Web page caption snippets
——————

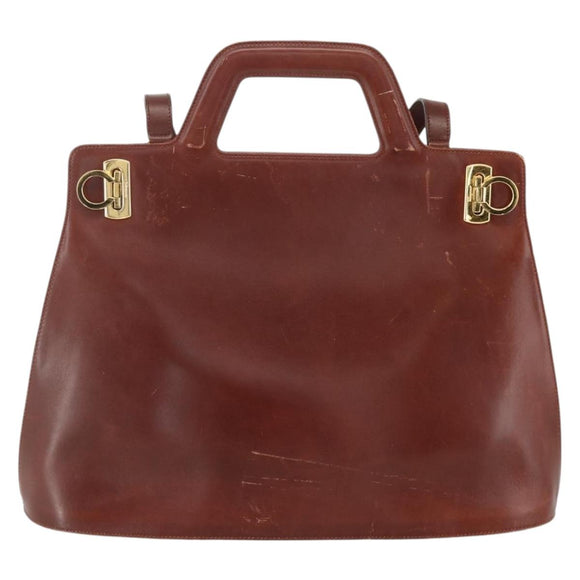 Salvatore Ferragamo Gancini Hand Bag Leather 2way Brown Gold Auth INZ049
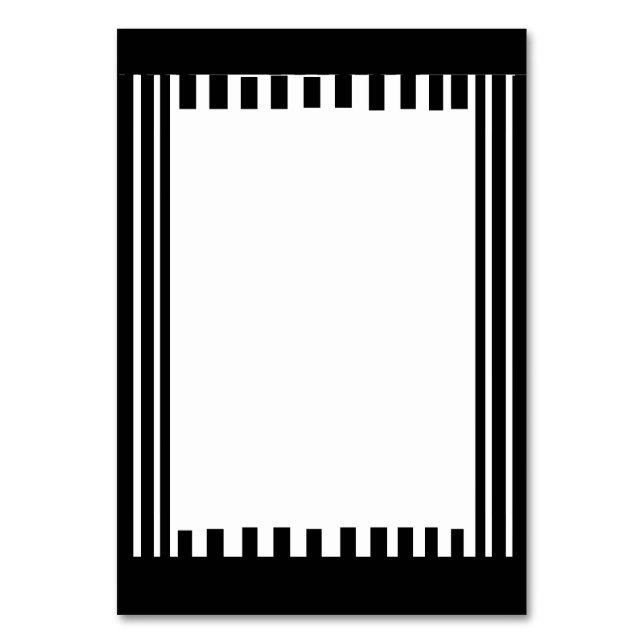 EINE ATTRAKTIVE SCHWARZE UND WEISSE TABELLE-KARTE TISCHNUMMER (Vorderseite)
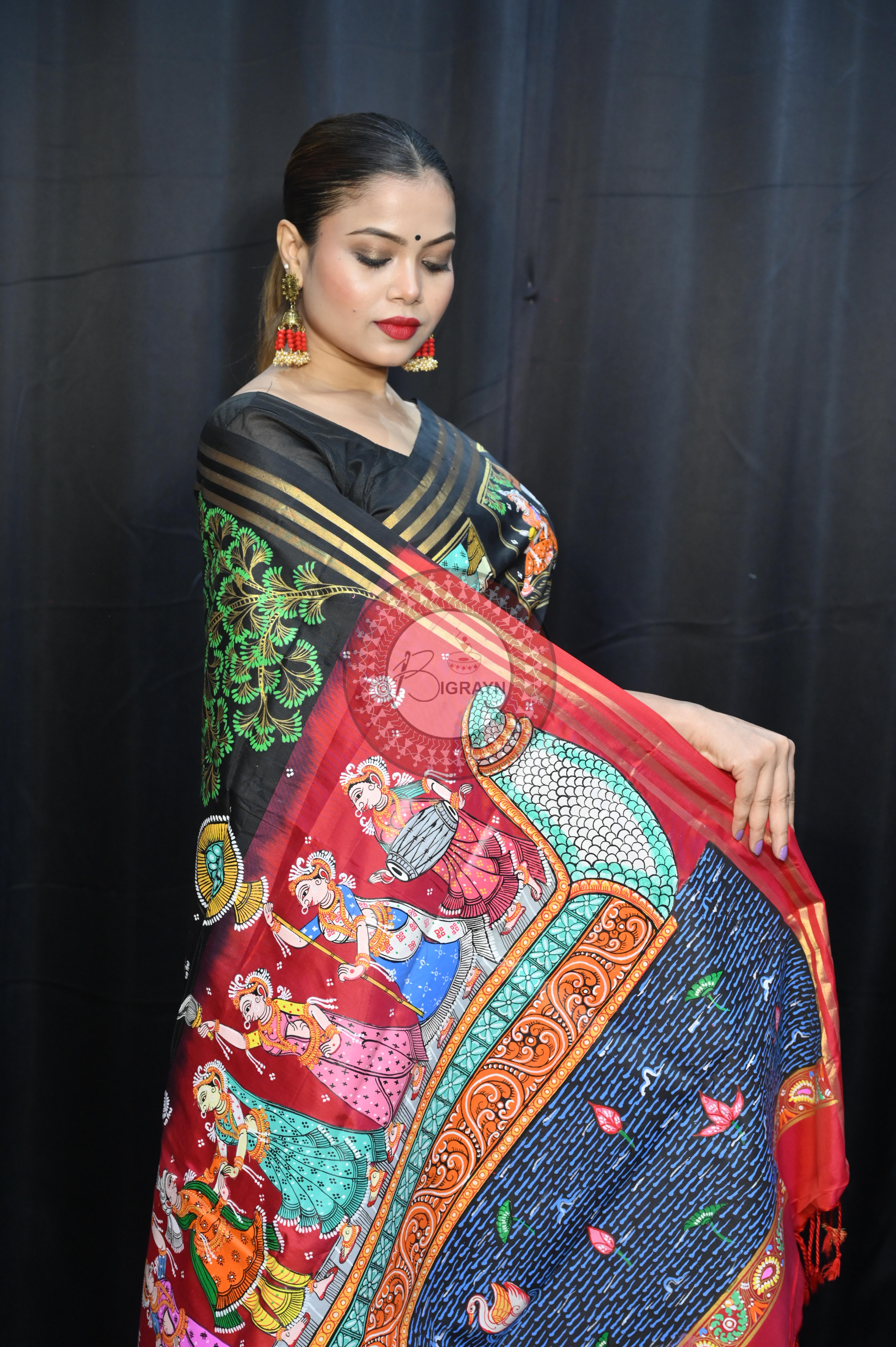 Black Red Small Box Boita Theme Pattachitra Kanjeeveram Silk Saree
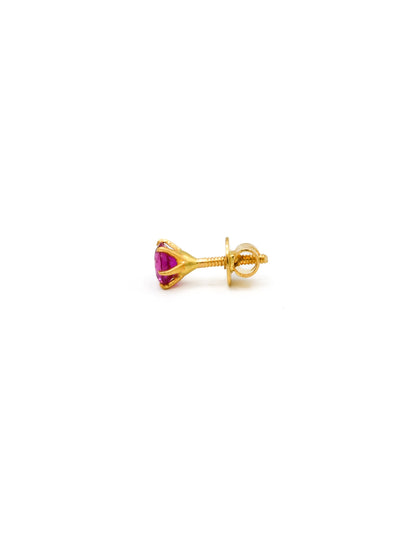 22ct Gold Pink CZ Stud Earrings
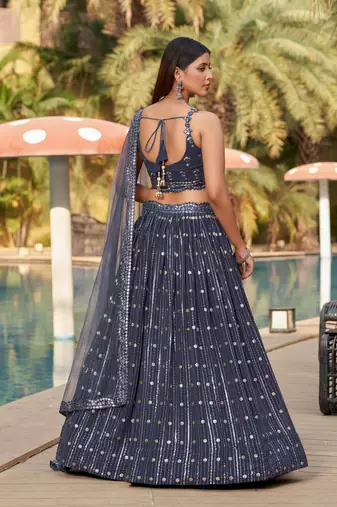 GREY SEQUINS THREAD & ZARI EMBROIDERED GEORGETTE DESIGNER WEDDING & PARTY WEAR FESTIVAL SEMI STITCHED LEHENGA
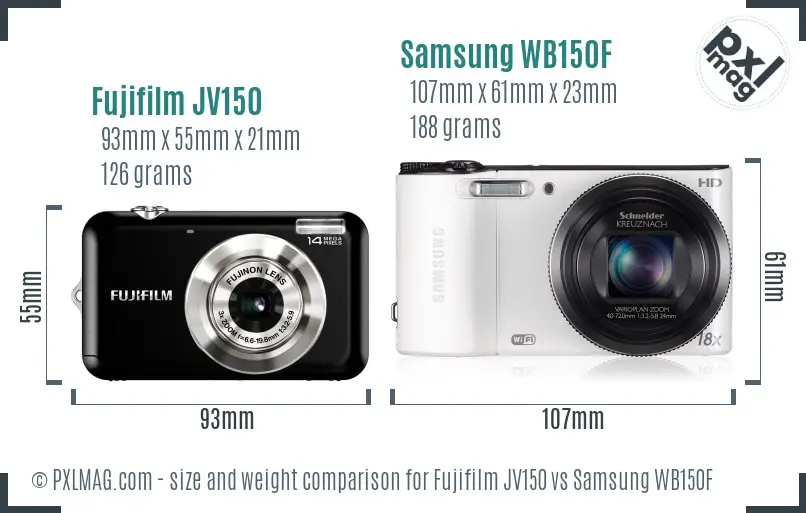 Fujifilm JV150 vs Samsung WB150F size comparison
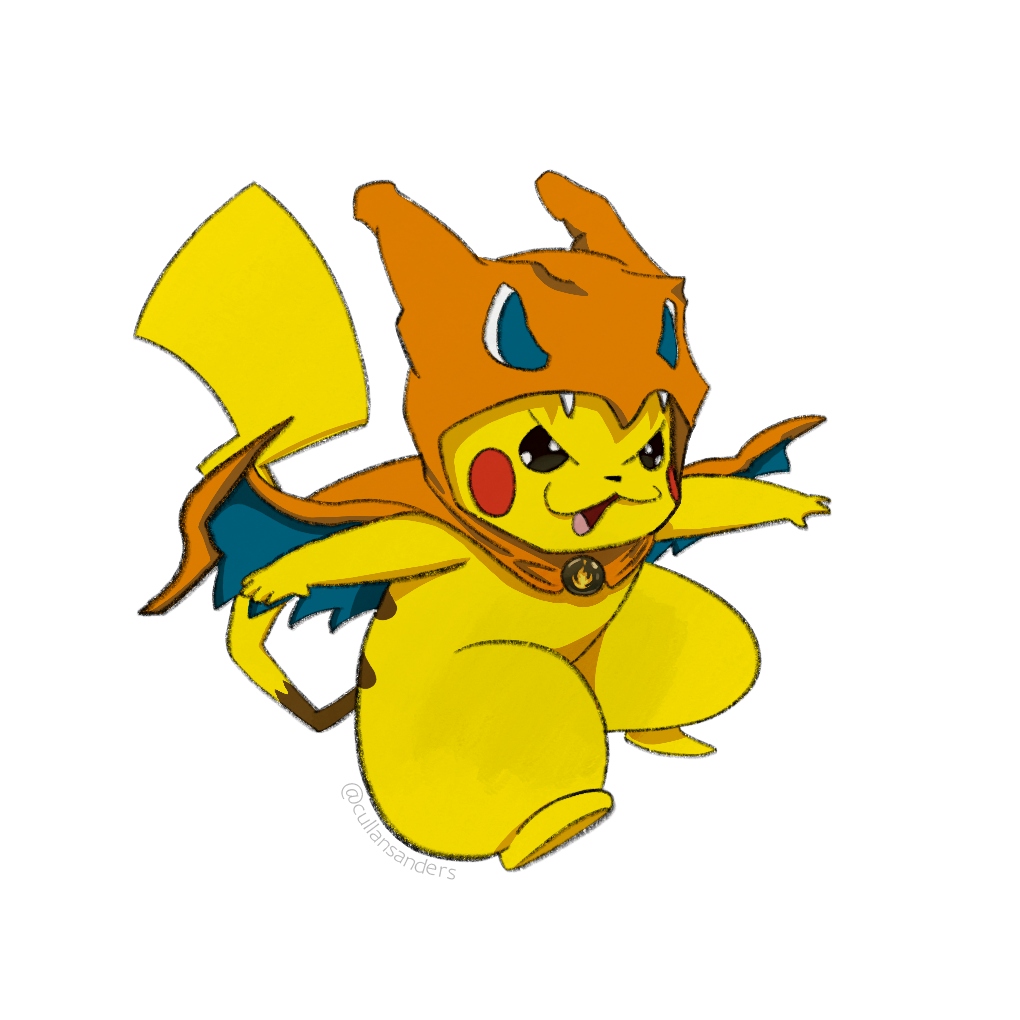 Pikachu's Charizard Costume Sticker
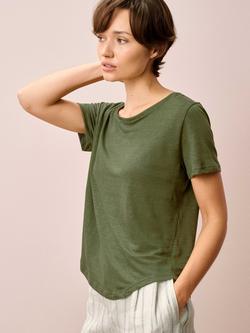 Brora Round Neck Pure Linen T-Shirt, Moss, Moss
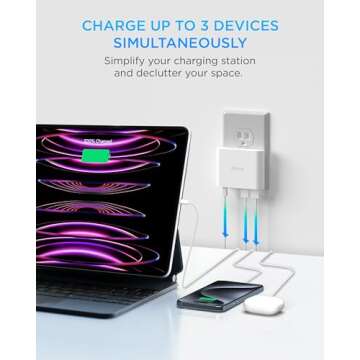 iHome 32W AC Pro Multi Port USB Wall Charger Block - Charging Station for Multiple Devices with 3 USB Ports (1 USB-C, 2 USB-A) - Fast Charging, Universal Compatibility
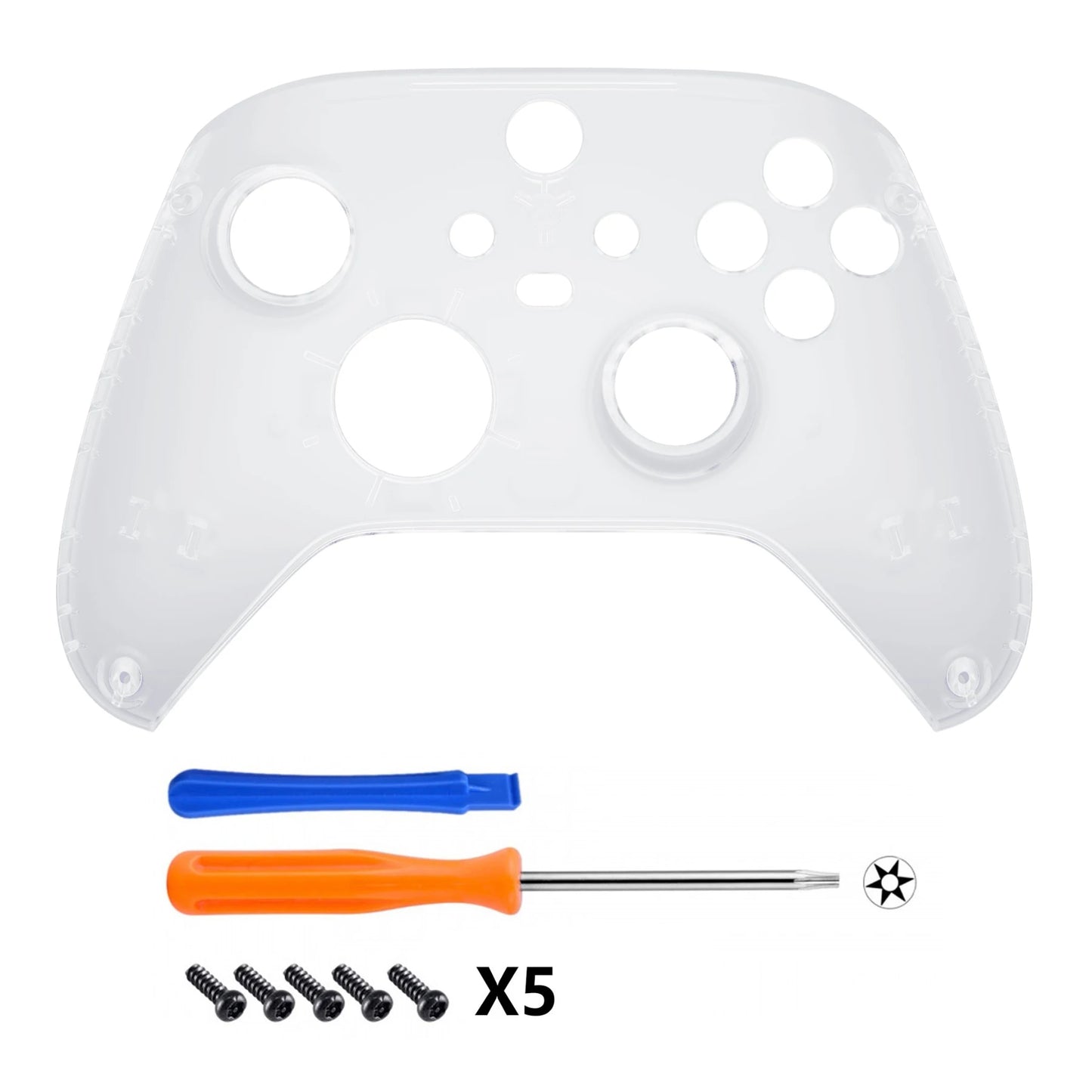 eXtremeRate Replacement Front Housing Shell Custom Cover Personalized Faceplate for Xbox Core Wireless Controller - Clear Series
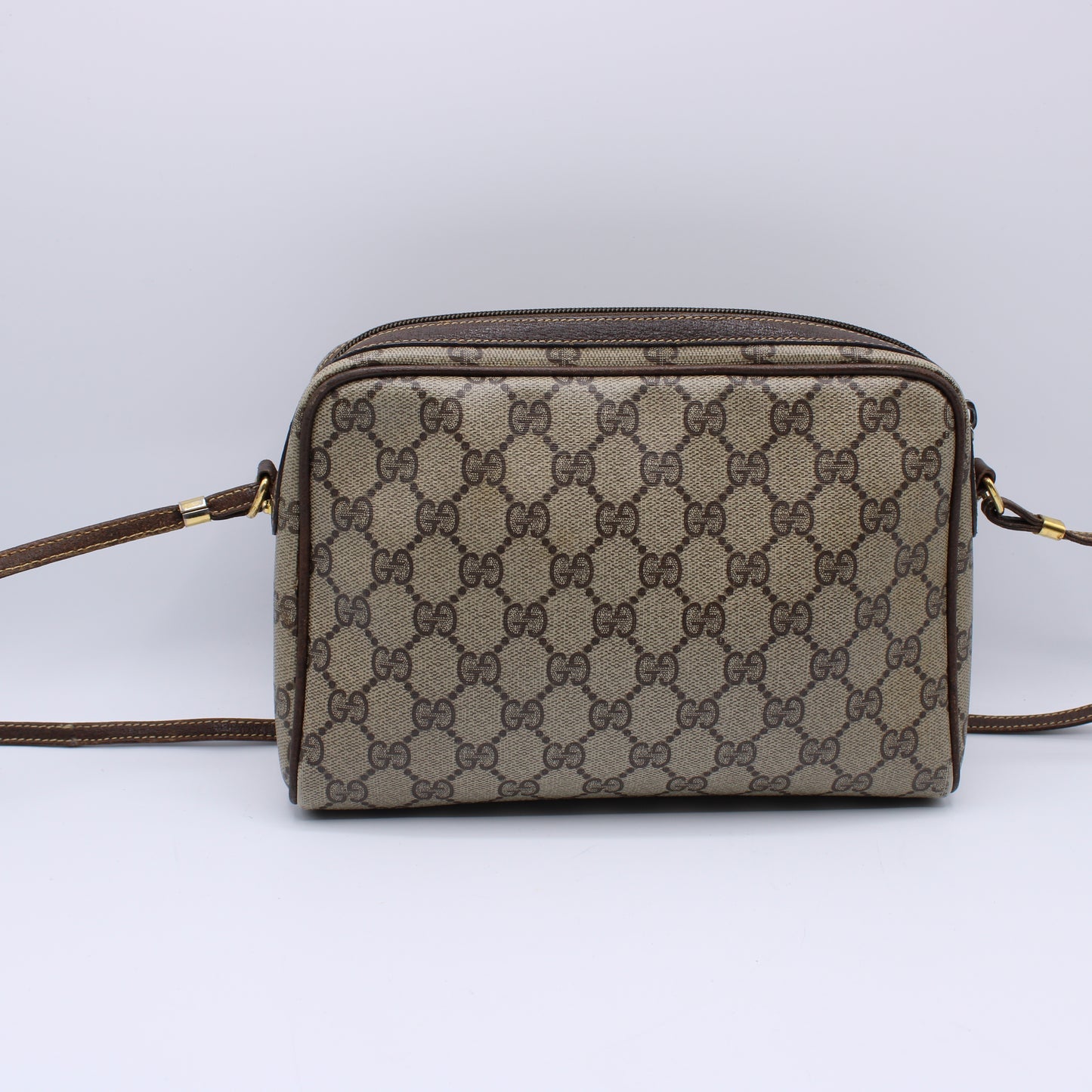 Gucci Ophidia GG Brown Canvas Crossbody Bag Vintage
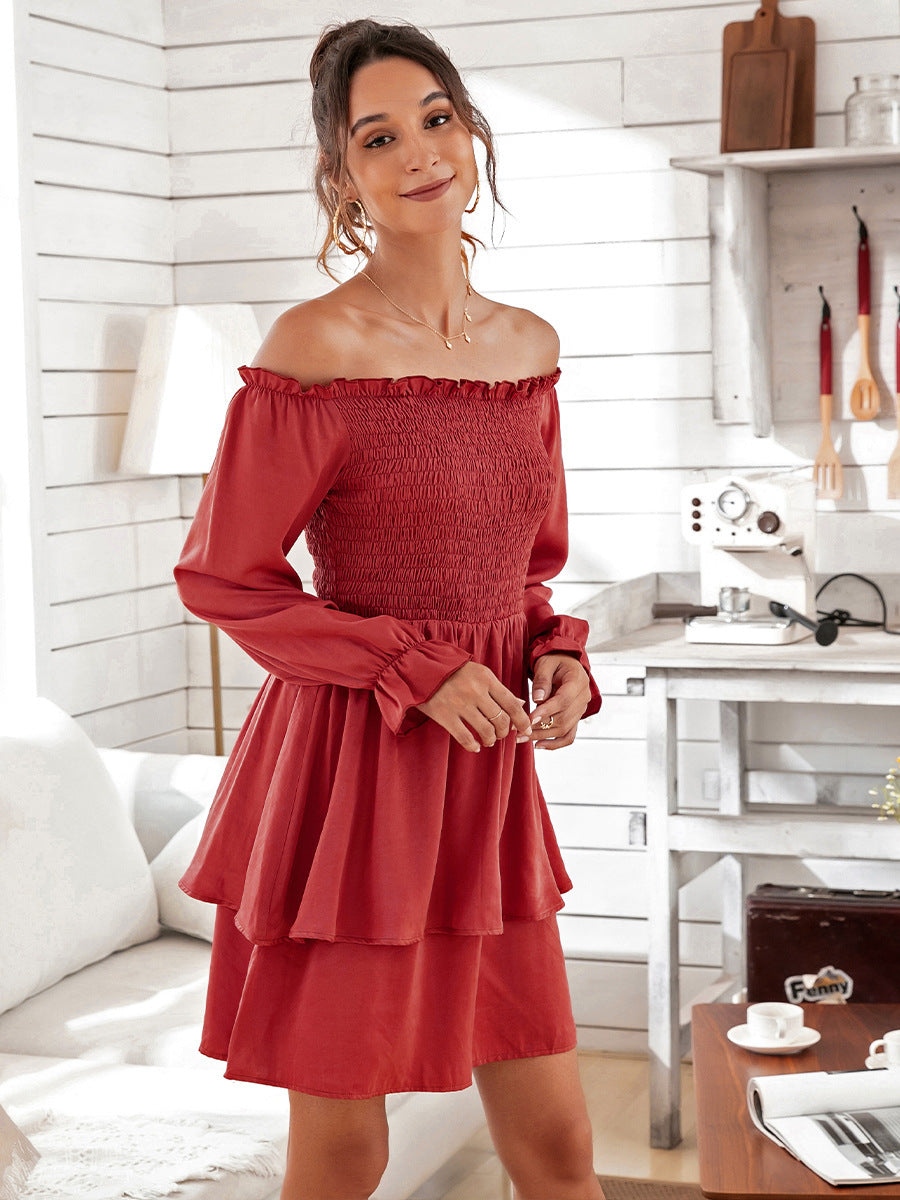 Cross border Amazon eBay hot sale quick sell wish European and American women"s autumn shoulder sexy dress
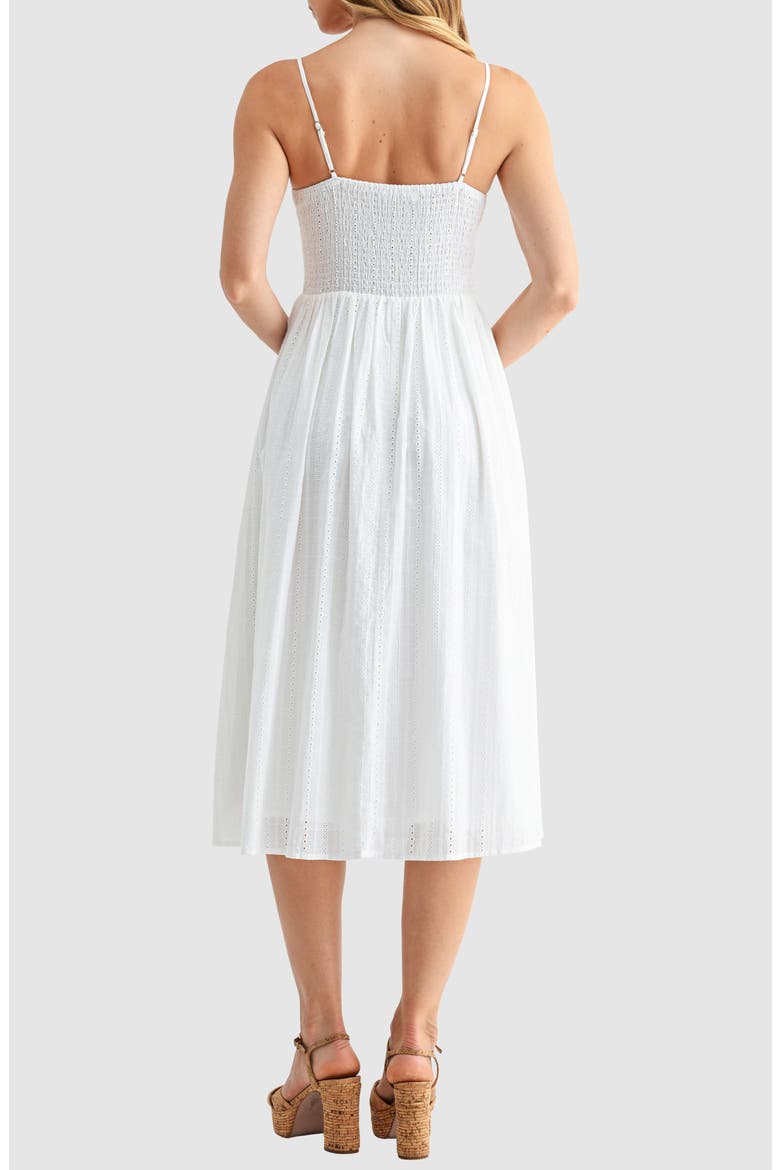 Corset Midi Sundress, Alternate, color, WHITE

——————

Starting at the line that contains "Cross border Amazon", write out every line through the final line of the entries, word for word; skip any pictures.

 Cross border Amazon eBay hot sale quick sell wish European and American women"s autumn shoulder sexy dress
 Corset Midi Sundress, Alternate, color, WHITE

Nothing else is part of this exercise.